In most cases, the job description of a product manager encompasses a plethora of abilities. However, the majority of Product Manager Roles include several key components:

Domain Expertise

Your knowledge of your market and product area is frequently the reason companies will hire you. The fact that you know your customers and the business is a critical reason you were entrusted to be a product manager.

Business knowledge

The product manager is often referred to as the product’s CEO. Though this is not always the case, ensuring that the company generates a profit is usually involved. To keep your product profitable, you must have a diverse set of business skills.

Leadership Abilities

Many people in your company look to you for direction. If you don’t already have leadership skills, you should work on them right away.

Operational Ability

Product Managers must be able to delve deeply into the numerous nitty-gritty details required to manage a product, such as troubleshooting when something goes down or updating a spreadsheet. These tasks can sometimes be delegated, but they may occasionally be your responsibility. 

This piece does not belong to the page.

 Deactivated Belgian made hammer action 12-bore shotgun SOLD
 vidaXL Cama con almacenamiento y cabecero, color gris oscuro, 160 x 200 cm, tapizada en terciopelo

The skillset of a product manager is extremely broad and varied, and you will use them on a daily basis.

Vision

Setting a perspective of the product is the first step. This requires extensive research into your market, your customer, and the problem you’re attempting to solve for them. You must process massive amounts of data, including client feedback, quantitative data from web analytics, research reports, market trends, and statistics. To define a vision for your product, you must first understand your market and your customers, and then combine that knowledge with a healthy dose of creativity.

Once you have an objective, you must spread the word in your company. Get reactionary, even ultraconservative feedback about your product’s realistic state. If you can’t get excited about it, you’re either in the wrong job or you didn’t come up with a good vision. Every team member is critical to your success and the success of your product. Understanding that vision and being at least a little bit passionate about, is important for anyone in sales or development.

Develop a plan of action.

Start developing an actionable plan to achieve that vision. A roadmap of incremental improvements and iterative development that will bring you one step closer to your ultimate vision. This is when all of your hard work preaching to the gospel pays off. Your team dedicates itself to creating better designs, code, and solutions to the customers’ problems.

Comprehensive Details 

Now we’re getting down to business. As a product owner, you work with the development team on a daily basis, defining and iterating the product as you go, solving problems as they arise, and closely managing scope to ensure that the product is delivered on time.

The product is finally available, and you find yourself spending your days poring over data once more. You’re actively monitoring how customers use the product, talking to them about it, and generally snacking, sleeping, and trying to breathe it. Did you solve the right problem? Do your customers understand what you’re selling? Will they buy the product?

Then you repeat the process. And it is no longer a waterfall process. You’re not doing this step by step; instead, you’re doing it for a dozen products or features at once, shifting from strategy to techniques as you go.

Does that sound tough?

Sure, it’s a difficult job, but it’s also one of the most enjoyable jobs you’ll ever have if it’s meant for you. You get to define the essence of a product, design solutions to your customers’ problems, collaborate with everyone in the company and play a significant role in its success. Some like to think of product managers as the glue that gets things moving forward in the tech world.

Outcome

The role of a product manager is one of the best training grounds for moving up to positions such as vice president, general manager, or CEO. And, if you’re lucky and pick wisely, you’ll get to work with some pretty talented engineering and development teams to create products that delight your customers, make a significant difference in their lives, and help your company achieve profits and strategic objectives that elevate it to success.